Tim Jones had purchased property that had been subdivided prior to 1973, which, according to APA's own regulations, should have been non-jurisdictional, as it was subdivided before the Act was passed. However when Tim started renovating his 18'x24' home, the APA, claiming it had a complaint, investigated and determined that they had jurisdiction. This is a normal deviation for the agency; the rules often change during the process.
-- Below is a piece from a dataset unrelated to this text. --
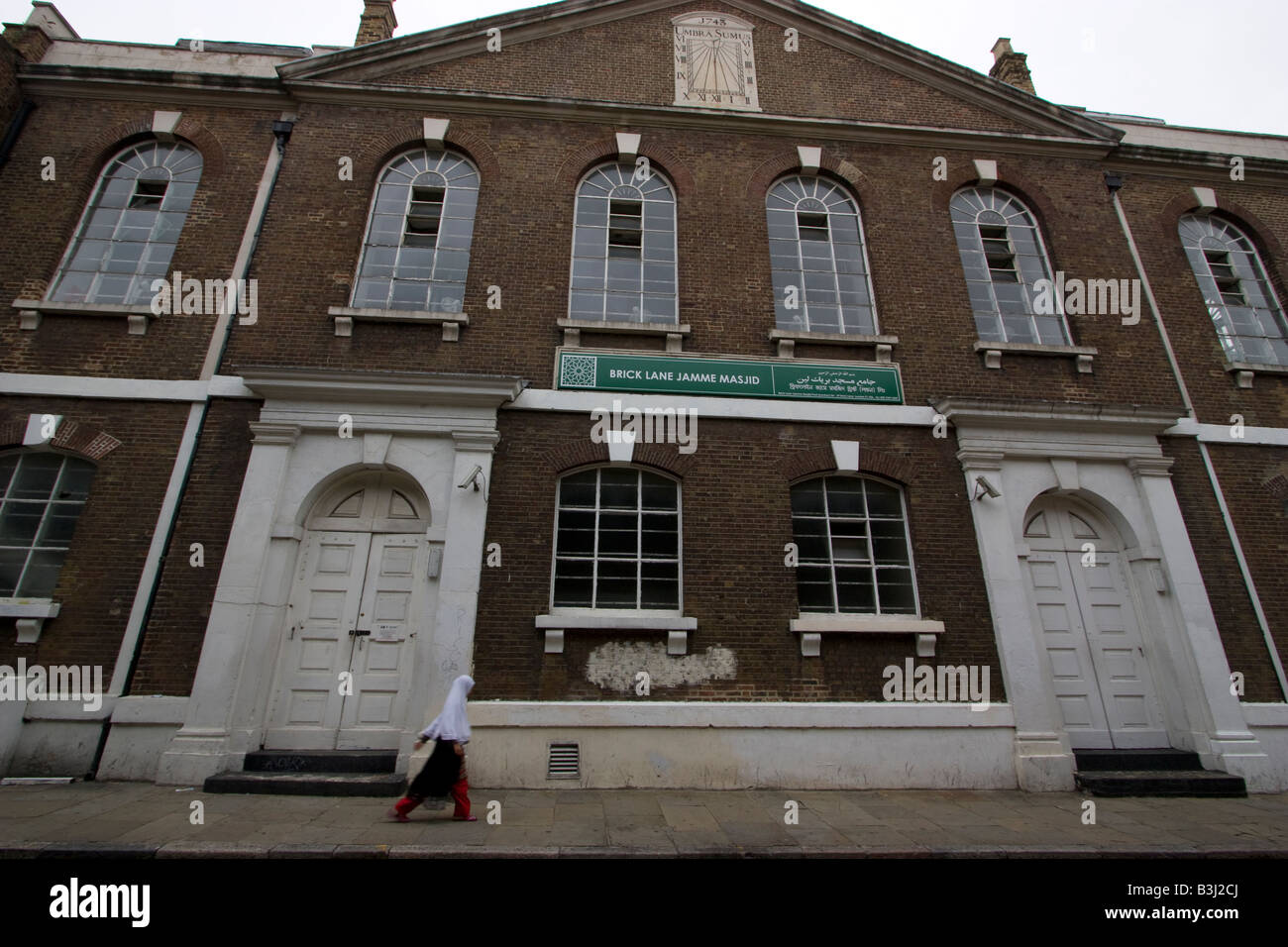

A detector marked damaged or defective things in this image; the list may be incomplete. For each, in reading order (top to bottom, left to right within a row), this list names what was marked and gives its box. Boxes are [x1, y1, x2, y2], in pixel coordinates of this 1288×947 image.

patch of peeling paint [585, 641, 736, 690]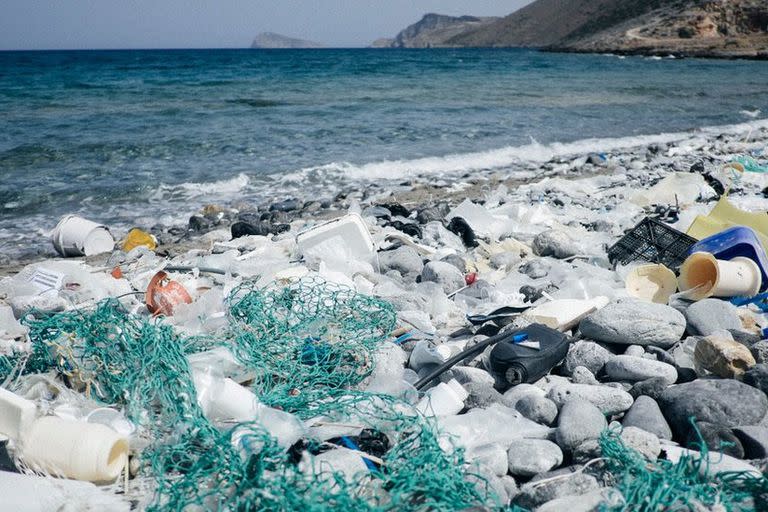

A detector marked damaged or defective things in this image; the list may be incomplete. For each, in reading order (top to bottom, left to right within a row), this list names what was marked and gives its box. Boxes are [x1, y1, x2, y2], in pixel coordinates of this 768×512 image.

A court decision in Jan 1993 ordered Tim to either apply for a permit or go the APA enforcement process. Tim chose the enforcement proceedings and enlisted the aid of APA Scholar, Howard Aubin. The APA changed the rules again and demanded that Tim either hire an attorney or he would have to represent himself. The APA using the the power of the state and citizen tax dollars, had every intention (and still does ) of making an example of a lone Adirondacker attempting to defend himself against the power of New York State. The Attorney General asked the court to dismiss Tim's cross motion accusing the APA of contempt. The court refused and gave the APA 20 days to show cause why the agency should not be held in contempt. "It's a camp about the size one of Rockefeller's condominiums." notes Tim. "I'm just a little guy they want to make an example of" The Rockefellers own several thousand acres not far from Tim's small parcel. They recently completed an extensive condominium project with the full cooperation of the APA and with all the necessary permits on a wild and scenic river. The inconsistency of the enviro-groups, who always refer to estates such as the Whitney's 50,000 acres, the Follensby Pond 14,000 acres and others as pristine jewels, but never mention the Rockefeller holdings. Bear in mind that it was Governor Nelson Rockefeller who signed the APA Act into law in 1973. When large landowners can create huge reserves of public property around their vast private holdings their fortunes multiply. The APA Act is about power and greed, not about the environment. Tim vows to fight on.